## TASK INSTRUCTIONS
From the listing that follows, reproduce only the lines from the one holding "דירה Nice City Apartment" through the one holding "FOTOLAR AHİK ilə", both included, with no pictures.

## ENTRIES SHOWN
#####

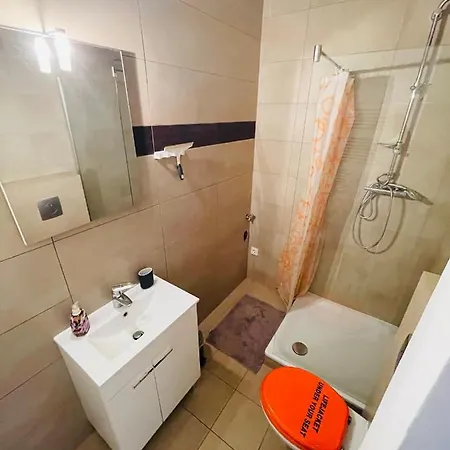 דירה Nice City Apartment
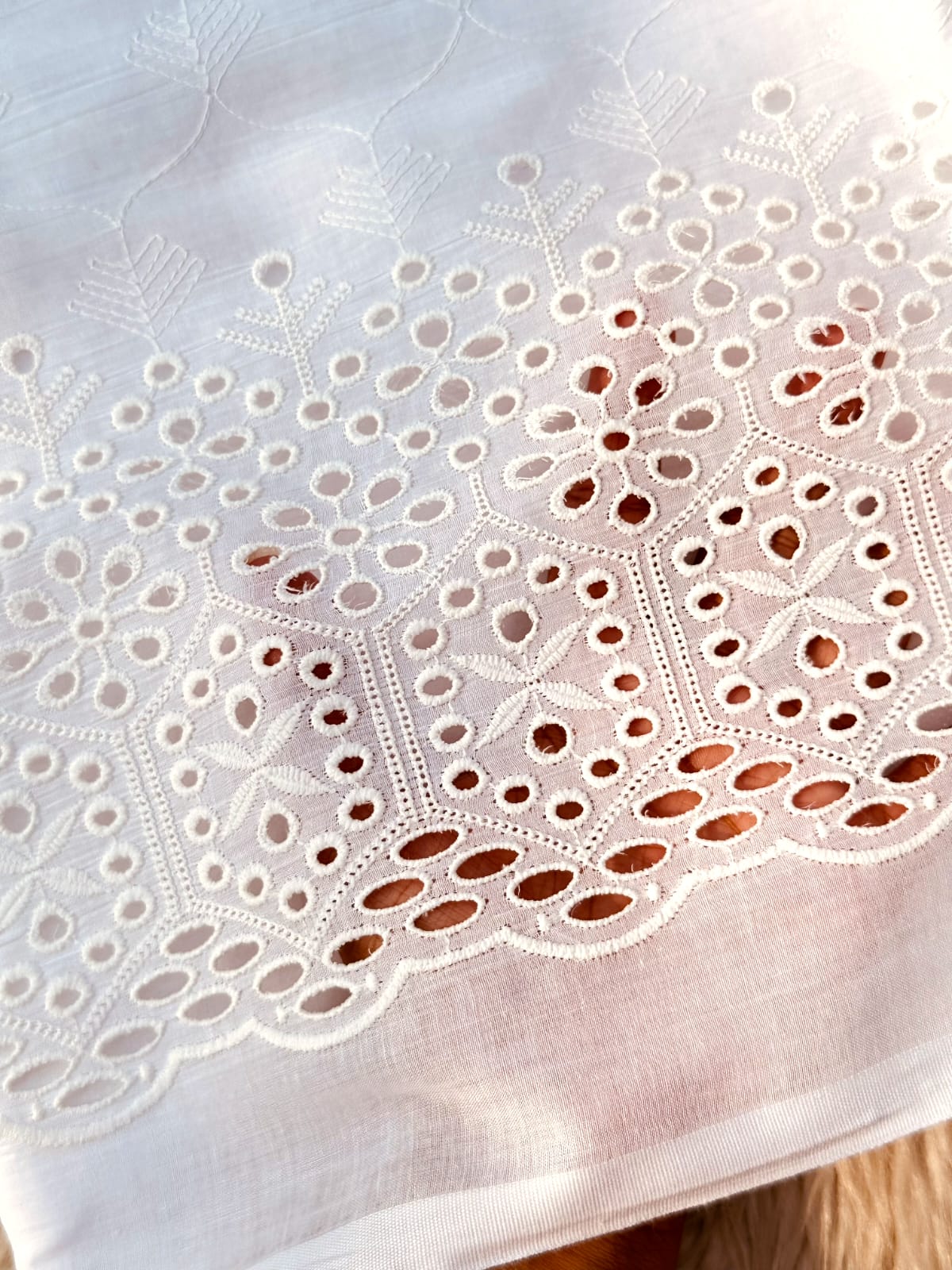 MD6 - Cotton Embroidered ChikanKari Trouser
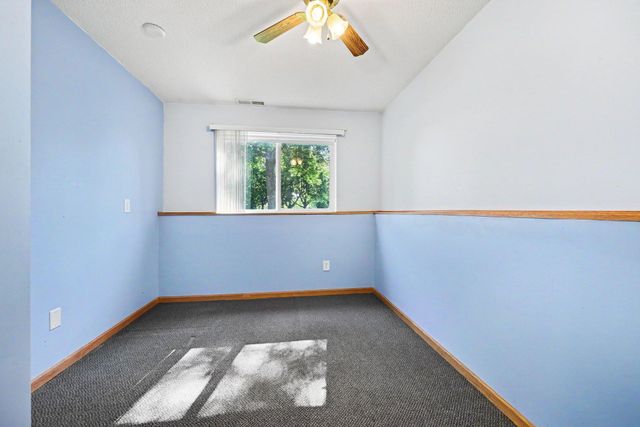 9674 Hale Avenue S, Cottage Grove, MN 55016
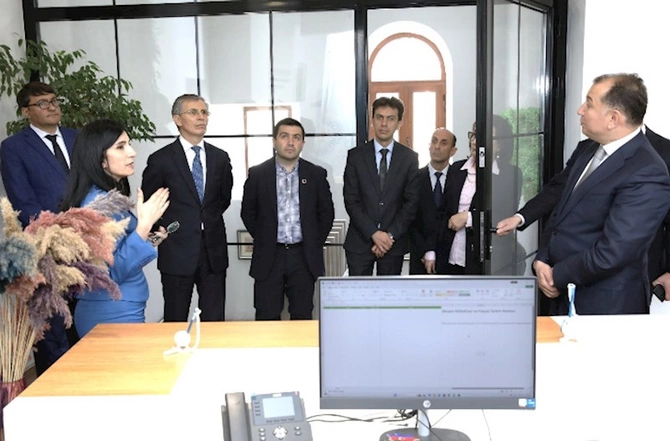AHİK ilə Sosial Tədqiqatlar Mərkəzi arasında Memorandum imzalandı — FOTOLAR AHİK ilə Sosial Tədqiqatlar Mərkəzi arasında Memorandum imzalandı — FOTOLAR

#####

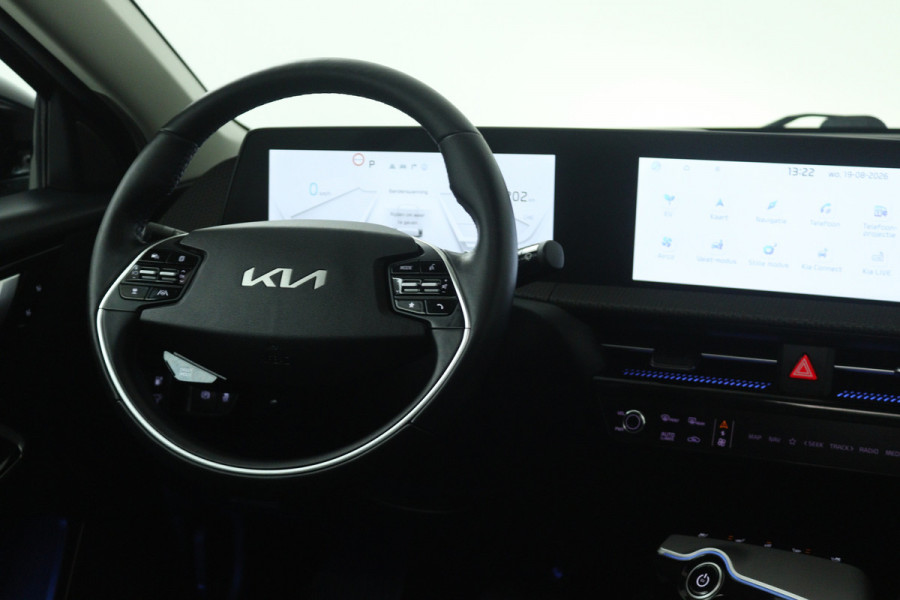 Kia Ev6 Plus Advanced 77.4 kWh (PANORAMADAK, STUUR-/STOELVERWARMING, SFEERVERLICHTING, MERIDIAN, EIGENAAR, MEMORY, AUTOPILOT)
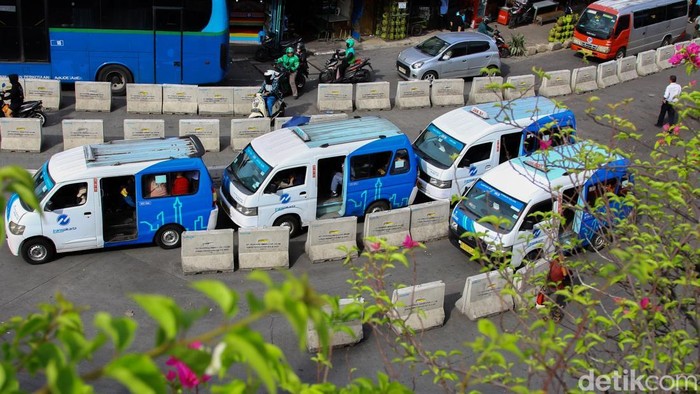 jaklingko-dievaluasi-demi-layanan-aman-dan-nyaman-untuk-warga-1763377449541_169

#####

## REPLY TO THE EXERCISE
 דירה Nice City Apartment
 MD6 - Cotton Embroidered ChikanKari Trouser
 9674 Hale Avenue S, Cottage Grove, MN 55016
AHİK ilə Sosial Tədqiqatlar Mərkəzi arasında Memorandum imzalandı — FOTOLAR AHİK ilə Sosial Tədqiqatlar Mərkəzi arasında Memorandum imzalandı — FOTOLAR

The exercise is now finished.